* **EXERCISE OBJECTIVE**: Quote the whole listing exactly. Leave the pictures out of your copy.

* **DATA**:
________________________________________
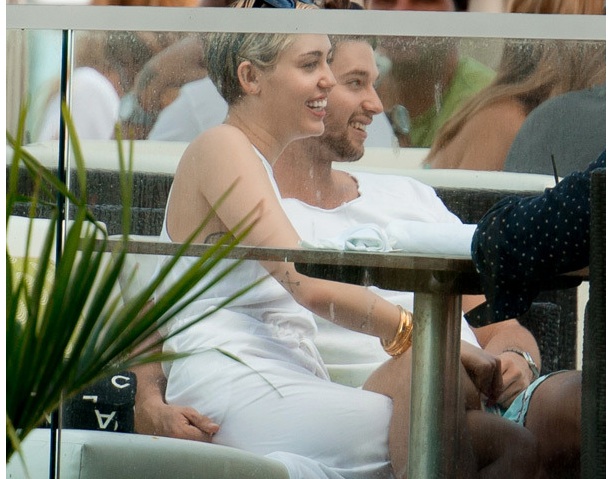 Miley cyrus dîne avec
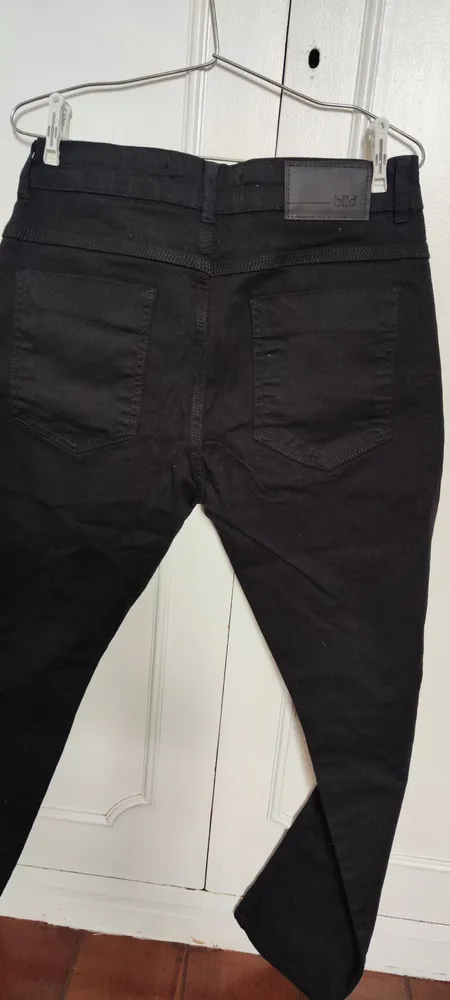Calça Skinny Preta Rasgada
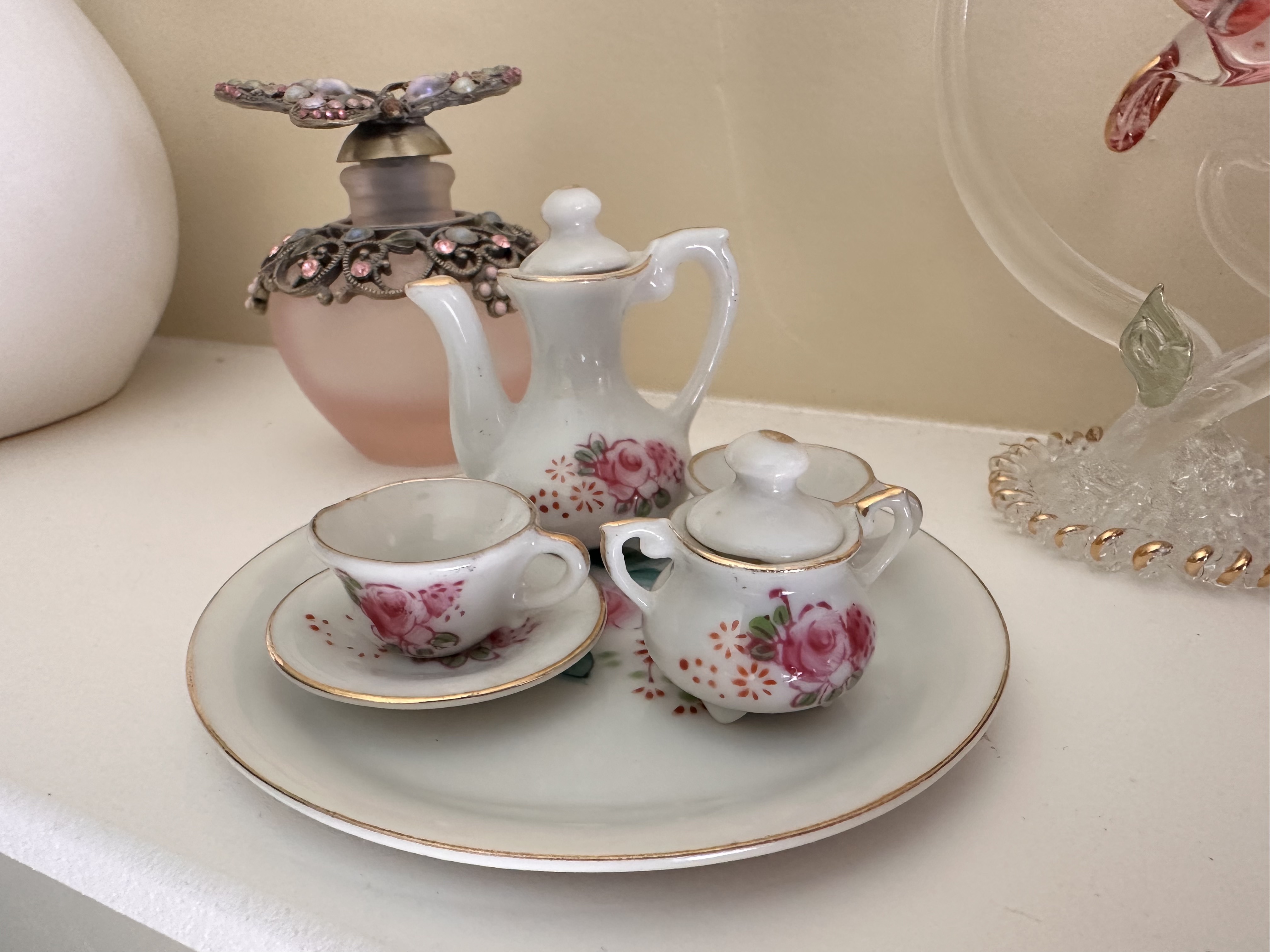 Miniature tea set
________________________________________
* **EXERCISE OUTPUT**:
 Miley cyrus dîne avec
Calça Skinny Preta Rasgada
 Miniature tea set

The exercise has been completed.